El sobrepeso hace que los pulmones y el corazón trabajen más, lo que dificulta la respiración. Por lo tanto, es importante que los pacientes con EPOC mantengan un peso corporal adecuado. El sobrepeso conduce a otros problemas de salud como diabetes, apnea del sueño y reflujo ácido.

Los pacientes con EPOC pueden mantener su peso reduciendo la cantidad total de calorías que consumen. Deben incluir más frutas y verduras frescas en su dieta. Es esencial evitar el consumo de alcohol, la comida basura y los alimentos dulces. Todo ello debe ir acompañado de un aumento de la actividad física diaria.

Sin embargo, tener bajo peso también es perjudicial para los pacientes con EPOC. Las personas con bajo peso son más propensas a ciertos riesgos. Ello se deriva, principalmente, al hecho de que tienen una menor fuerza muscular, un sistema inmunitario deficiente y experimentan brotes frecuentes.
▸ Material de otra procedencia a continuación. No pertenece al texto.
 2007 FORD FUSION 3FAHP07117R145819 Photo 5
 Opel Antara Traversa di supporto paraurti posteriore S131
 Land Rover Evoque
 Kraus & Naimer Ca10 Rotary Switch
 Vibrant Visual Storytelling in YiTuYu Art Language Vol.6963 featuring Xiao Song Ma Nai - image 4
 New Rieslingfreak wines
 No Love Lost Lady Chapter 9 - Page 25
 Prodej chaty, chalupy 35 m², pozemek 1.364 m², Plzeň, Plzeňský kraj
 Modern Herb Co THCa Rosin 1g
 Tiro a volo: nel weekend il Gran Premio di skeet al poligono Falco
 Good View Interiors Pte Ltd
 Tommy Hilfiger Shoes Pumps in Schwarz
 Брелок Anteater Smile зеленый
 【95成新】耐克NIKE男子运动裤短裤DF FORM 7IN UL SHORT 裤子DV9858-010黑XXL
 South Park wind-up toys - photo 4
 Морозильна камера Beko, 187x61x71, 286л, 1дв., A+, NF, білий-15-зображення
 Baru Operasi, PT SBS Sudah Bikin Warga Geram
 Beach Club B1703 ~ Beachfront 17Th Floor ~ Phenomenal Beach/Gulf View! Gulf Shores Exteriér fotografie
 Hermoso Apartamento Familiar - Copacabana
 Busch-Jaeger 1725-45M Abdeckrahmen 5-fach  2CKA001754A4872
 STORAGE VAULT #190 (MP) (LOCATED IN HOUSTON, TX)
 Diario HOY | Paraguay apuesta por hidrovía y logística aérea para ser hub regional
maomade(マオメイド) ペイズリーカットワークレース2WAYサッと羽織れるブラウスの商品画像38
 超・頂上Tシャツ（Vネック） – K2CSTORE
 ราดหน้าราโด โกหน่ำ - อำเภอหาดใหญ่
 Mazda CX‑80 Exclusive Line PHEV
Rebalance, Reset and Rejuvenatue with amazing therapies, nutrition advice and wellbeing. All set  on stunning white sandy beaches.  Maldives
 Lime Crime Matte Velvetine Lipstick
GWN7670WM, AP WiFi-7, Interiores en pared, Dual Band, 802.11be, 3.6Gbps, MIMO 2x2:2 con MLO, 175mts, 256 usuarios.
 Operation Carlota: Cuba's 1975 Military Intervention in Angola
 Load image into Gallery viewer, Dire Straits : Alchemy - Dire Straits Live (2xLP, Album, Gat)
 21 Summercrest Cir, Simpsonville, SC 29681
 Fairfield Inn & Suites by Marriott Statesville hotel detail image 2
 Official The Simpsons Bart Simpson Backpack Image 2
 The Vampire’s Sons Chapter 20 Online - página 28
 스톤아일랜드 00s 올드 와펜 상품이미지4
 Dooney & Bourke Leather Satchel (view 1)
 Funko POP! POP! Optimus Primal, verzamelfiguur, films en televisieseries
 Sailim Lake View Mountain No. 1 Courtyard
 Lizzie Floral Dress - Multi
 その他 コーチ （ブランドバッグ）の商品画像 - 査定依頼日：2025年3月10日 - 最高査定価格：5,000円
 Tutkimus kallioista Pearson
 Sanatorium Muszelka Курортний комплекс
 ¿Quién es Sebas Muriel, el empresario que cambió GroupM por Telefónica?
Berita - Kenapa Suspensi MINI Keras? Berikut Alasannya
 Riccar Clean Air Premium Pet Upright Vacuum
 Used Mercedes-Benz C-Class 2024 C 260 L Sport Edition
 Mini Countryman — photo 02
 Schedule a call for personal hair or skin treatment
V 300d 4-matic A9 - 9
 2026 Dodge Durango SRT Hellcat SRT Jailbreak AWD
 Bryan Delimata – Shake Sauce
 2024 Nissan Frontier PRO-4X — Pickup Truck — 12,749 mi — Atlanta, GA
Se sabe que los pacientes con EPOC queman 10 veces más calorías mientras respiran. Esto se debe a que la respiración requiere de un esfuerzo extra en pacientes con EPOC en comparación con las personas sanas.

La vida con esta enfermedad no es fácil, pero puede resultar mucho más llevadera si se aplican ciertas pautas de comportamiento. Puedes empezar con estos consejos para los enfermos de EPOC en invierno.